§ **EXERCISE BRIEF**:
The material below holds the lines to copy: from the one with "Körperanalyse: Body analysis" up to and including the one with "Fototapeta na wymiar". Copy them exactly and skip the pictures.

§ **INPUT DATA**:
§

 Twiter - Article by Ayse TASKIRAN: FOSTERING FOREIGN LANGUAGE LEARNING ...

§

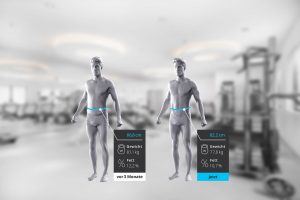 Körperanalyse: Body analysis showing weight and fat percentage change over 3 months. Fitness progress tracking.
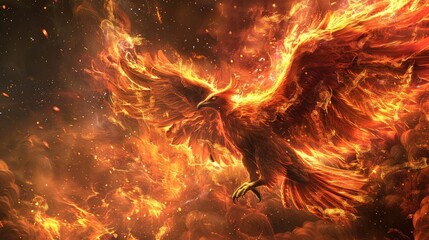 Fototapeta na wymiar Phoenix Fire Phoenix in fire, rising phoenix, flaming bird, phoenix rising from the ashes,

§

§ **SOLUTION BELOW**:
 Körperanalyse: Body analysis showing weight and fat percentage change over 3 months. Fitness progress tracking.
 Fototapeta na wymiar Phoenix Fire Phoenix in fire, rising phoenix, flaming bird, phoenix rising from the ashes,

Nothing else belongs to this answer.